I’m pooped. Plum tuckered out. Draggin’ my wagon.
Fifteen miles through the countryside on my favorite lollipop route never used to seem so exhausting. But after 7 hard miles yesterday, I guess it was sort of like 22. That’s a lot.
I’m beginning to notice a change in my legs on the long slow distance – in the control of them – due to the more vigorous training schedule. I can power them up or down with my mind to change my pace, and it doesn’t seem to affect the rest of my body too much – sort of like shifting gently into another gear in the car. Eventually I feel it in my lungs if I push too much, and I’m starting to recognize my race pace by feel instead of cheating by glancing at my Garmin.
So it’s good, I think. I’m pushing my body very hard, but it’s responding by giving back to me what I’ll need to (hopefully) qualify for Boston. It’s starting to understand the new “zones” and perform accordingly. But god, it still seems like an impossible thing to keep the fire burning at that intensity for 26.2. Trust the training, they say.
I passed several sets of cyclists who seemed happy to be on the road again after such nasty weather. Waves, smiles… we’re sort of in the same club.
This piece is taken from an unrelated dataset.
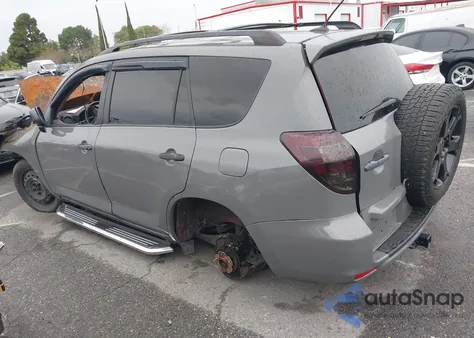 2010 Toyota Rav4 from USA, damaged, VIN JTMKF4DV3A5025726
A set of seven or eight souped-up cars with their show-off engines often roam the area on the weekend. I’ve seen them several times, in different locations that are miles away from each other. I guess they recognize me by now, because I was greeted by everyone in the parade today – twice.
I probably ran further than they drove.
I focused on my run, grooved to my music, concentrated on my fuel, and kept an eye on my pace. My new “slow” is my old “fast.” I thought about sex, work, working out, racing, and writing, not necessarily in that order, and sex definitely came up more than once. I really miss touching and being touched, I decided.
I finished strong, though, despite my weariness, and now it’s time to run some errands with my kids that I promised, so that should help stretch out my legs a bit.
I’m almost halfway there. It’s going to get painful from here on out, but this is something I’ve set my mind to do, and so I will press on.